> [What to produce]
In the entries below, find every line holding the string "forget" and collect it.

::: Recorded data :::

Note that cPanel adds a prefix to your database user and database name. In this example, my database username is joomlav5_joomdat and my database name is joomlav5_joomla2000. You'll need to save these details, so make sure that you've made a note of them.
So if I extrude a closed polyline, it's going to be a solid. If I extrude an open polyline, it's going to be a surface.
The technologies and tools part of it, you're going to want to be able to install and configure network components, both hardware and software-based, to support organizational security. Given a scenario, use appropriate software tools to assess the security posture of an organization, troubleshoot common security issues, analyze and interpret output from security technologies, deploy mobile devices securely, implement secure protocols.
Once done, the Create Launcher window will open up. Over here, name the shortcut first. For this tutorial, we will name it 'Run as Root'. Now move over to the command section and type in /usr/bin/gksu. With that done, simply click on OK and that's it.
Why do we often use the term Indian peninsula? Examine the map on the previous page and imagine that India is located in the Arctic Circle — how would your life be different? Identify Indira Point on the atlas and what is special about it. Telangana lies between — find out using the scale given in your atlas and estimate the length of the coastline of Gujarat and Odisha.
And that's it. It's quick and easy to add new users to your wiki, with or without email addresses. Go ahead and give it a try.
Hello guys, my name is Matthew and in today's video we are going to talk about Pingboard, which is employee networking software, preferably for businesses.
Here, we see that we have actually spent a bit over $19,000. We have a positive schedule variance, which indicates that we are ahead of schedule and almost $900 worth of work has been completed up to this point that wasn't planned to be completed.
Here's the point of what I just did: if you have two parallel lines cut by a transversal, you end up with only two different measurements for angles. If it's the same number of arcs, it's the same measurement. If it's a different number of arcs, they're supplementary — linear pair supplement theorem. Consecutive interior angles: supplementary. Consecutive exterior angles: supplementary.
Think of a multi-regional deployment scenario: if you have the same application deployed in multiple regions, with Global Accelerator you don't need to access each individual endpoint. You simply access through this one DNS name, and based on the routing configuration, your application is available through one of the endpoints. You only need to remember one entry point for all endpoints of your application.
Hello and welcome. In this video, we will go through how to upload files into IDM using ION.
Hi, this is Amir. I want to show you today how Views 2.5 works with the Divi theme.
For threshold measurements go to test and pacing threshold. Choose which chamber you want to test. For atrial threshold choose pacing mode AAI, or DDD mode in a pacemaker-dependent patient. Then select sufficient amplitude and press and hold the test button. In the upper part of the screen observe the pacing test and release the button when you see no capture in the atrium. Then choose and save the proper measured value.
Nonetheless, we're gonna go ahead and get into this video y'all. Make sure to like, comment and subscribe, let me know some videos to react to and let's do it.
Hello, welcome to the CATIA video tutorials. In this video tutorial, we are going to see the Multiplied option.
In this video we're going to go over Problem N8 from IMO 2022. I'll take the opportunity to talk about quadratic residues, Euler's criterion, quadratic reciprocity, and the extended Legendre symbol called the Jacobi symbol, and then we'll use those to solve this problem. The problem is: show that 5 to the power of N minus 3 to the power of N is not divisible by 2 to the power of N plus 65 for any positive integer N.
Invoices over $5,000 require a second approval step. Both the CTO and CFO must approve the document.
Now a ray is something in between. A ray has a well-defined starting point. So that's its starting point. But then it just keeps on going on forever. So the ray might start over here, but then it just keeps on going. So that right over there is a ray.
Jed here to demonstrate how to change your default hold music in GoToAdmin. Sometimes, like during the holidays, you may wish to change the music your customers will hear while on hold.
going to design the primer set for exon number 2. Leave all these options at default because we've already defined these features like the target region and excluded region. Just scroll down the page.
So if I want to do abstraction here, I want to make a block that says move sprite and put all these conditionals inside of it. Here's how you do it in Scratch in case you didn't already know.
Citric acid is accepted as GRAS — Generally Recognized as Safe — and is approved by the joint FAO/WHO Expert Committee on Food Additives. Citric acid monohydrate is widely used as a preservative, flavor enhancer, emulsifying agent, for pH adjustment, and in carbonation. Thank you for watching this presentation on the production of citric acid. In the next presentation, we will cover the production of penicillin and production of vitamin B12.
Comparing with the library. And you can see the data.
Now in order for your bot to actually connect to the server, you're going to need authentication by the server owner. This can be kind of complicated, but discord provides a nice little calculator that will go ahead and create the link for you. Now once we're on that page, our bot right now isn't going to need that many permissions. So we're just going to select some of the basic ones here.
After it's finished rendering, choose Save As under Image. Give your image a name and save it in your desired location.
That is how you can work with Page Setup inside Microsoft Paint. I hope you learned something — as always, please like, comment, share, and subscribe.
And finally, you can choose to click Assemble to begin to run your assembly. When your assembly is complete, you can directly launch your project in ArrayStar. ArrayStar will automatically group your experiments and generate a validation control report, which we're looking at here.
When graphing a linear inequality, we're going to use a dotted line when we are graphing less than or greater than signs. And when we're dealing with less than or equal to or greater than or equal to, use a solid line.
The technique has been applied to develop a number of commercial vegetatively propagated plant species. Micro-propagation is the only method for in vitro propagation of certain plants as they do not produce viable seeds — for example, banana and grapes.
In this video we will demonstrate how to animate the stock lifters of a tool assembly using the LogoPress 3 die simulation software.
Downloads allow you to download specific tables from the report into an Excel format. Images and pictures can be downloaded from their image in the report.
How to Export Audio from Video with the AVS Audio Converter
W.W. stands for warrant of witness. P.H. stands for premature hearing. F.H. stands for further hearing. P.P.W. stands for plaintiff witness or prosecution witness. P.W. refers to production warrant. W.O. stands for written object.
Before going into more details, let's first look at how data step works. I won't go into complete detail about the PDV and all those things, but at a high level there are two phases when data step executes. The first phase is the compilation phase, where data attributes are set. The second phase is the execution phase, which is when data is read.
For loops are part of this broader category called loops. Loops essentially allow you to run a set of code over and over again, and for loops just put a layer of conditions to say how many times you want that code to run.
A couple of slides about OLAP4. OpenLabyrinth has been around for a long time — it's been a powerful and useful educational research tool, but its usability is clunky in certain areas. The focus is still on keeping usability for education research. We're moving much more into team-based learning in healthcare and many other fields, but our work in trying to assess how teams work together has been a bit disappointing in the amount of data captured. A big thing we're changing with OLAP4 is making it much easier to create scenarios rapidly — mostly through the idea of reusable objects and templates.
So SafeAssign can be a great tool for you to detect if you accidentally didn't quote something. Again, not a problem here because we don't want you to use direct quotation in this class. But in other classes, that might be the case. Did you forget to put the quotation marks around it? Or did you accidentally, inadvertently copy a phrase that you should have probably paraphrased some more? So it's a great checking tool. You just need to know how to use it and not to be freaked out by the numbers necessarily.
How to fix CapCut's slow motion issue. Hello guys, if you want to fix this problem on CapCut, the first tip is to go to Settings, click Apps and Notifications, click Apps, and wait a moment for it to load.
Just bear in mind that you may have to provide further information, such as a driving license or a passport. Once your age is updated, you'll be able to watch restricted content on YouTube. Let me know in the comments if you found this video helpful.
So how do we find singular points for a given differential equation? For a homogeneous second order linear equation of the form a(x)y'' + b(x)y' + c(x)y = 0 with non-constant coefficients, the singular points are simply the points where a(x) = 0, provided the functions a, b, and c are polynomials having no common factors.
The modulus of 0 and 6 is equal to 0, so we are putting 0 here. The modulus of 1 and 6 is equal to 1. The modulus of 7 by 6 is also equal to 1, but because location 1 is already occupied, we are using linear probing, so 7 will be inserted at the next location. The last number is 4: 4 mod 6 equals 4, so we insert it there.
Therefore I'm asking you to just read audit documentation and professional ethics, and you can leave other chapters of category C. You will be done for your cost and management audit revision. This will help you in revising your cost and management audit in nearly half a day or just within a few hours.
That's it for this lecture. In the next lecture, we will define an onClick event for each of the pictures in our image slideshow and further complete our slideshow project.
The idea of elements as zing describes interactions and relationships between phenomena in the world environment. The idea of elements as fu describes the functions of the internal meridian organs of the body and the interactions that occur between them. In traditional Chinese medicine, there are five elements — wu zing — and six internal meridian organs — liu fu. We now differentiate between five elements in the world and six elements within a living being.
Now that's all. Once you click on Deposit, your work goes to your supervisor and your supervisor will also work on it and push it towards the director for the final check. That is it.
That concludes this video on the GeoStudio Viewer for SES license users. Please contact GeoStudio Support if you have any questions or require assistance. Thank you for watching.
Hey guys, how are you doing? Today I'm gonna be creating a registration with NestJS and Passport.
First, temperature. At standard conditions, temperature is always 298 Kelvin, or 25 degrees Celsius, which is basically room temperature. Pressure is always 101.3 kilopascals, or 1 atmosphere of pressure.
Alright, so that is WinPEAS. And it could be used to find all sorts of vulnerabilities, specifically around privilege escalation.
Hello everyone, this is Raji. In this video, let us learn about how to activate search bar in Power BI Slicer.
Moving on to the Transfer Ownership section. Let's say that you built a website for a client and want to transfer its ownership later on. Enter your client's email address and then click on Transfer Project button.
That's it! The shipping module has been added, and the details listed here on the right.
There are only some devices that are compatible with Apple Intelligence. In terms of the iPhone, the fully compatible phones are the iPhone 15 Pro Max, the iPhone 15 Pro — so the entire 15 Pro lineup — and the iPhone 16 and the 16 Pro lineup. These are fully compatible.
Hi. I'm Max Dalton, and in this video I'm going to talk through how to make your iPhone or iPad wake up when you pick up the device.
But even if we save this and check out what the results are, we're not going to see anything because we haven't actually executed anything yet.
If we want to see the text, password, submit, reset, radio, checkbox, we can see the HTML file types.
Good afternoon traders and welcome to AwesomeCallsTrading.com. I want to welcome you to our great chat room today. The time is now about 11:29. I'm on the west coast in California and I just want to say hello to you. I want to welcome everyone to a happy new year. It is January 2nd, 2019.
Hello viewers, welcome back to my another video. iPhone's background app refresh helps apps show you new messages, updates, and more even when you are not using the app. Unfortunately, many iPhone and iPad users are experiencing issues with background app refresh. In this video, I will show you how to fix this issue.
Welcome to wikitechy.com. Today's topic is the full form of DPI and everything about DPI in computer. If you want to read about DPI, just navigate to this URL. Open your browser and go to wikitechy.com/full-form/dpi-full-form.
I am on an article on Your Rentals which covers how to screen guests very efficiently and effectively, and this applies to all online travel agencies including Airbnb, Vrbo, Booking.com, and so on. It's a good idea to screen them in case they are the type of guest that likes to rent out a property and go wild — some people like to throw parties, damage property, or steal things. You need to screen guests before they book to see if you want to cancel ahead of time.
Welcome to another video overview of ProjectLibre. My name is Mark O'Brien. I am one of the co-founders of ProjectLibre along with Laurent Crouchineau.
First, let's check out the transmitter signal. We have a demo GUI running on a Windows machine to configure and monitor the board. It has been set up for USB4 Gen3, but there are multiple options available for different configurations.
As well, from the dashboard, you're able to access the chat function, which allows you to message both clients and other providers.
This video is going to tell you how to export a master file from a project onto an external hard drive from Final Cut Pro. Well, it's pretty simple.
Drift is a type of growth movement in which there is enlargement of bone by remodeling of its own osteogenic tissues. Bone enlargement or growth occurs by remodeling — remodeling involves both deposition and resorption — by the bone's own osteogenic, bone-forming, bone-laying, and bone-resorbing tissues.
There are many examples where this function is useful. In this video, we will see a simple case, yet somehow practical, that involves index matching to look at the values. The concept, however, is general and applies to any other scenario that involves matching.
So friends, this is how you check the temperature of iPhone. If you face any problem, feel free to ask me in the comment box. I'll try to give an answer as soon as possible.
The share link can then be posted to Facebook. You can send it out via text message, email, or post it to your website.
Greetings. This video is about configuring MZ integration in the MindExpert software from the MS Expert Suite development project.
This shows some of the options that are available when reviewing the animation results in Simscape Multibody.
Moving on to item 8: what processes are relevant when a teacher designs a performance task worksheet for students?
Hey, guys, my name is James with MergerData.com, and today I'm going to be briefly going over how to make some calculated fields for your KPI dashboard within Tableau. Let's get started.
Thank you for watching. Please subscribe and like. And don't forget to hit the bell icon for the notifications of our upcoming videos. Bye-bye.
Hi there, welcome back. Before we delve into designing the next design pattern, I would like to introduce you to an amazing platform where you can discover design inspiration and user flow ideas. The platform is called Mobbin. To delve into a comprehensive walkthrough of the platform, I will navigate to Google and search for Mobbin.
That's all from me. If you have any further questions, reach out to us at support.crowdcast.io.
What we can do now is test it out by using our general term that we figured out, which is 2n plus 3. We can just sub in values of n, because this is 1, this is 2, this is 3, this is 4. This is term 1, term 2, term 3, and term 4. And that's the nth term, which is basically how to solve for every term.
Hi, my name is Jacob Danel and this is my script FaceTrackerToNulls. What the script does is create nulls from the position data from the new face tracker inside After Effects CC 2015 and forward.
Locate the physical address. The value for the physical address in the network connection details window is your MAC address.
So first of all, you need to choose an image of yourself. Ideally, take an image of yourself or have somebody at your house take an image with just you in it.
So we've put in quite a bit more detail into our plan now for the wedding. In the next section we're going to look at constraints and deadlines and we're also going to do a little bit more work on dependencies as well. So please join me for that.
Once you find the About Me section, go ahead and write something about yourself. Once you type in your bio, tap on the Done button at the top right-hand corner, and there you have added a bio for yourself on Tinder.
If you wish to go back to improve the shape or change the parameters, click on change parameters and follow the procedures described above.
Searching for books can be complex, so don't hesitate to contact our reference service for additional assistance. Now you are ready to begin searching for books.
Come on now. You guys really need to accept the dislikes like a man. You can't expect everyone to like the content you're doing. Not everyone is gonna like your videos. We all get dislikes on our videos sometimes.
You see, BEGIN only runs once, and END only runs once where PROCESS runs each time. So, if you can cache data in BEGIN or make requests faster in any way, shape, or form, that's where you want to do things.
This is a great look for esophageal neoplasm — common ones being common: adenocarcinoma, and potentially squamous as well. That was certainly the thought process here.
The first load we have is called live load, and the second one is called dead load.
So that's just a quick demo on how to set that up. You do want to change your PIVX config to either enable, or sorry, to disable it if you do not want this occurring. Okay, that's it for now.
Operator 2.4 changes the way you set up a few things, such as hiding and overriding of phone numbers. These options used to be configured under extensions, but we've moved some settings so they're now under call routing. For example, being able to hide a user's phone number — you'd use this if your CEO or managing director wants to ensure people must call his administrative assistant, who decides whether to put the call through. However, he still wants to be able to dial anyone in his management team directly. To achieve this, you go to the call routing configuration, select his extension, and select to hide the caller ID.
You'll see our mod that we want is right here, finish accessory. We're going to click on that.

:::

> [Answer section]
So SafeAssign can be a great tool for you to detect if you accidentally didn't quote something. Again, not a problem here because we don't want you to use direct quotation in this class. But in other classes, that might be the case. Did you forget to put the quotation marks around it? Or did you accidentally, inadvertently copy a phrase that you should have probably paraphrased some more? So it's a great checking tool. You just need to know how to use it and not to be freaked out by the numbers necessarily.
Thank you for watching. Please subscribe and like. And don't forget to hit the bell icon for the notifications of our upcoming videos. Bye-bye.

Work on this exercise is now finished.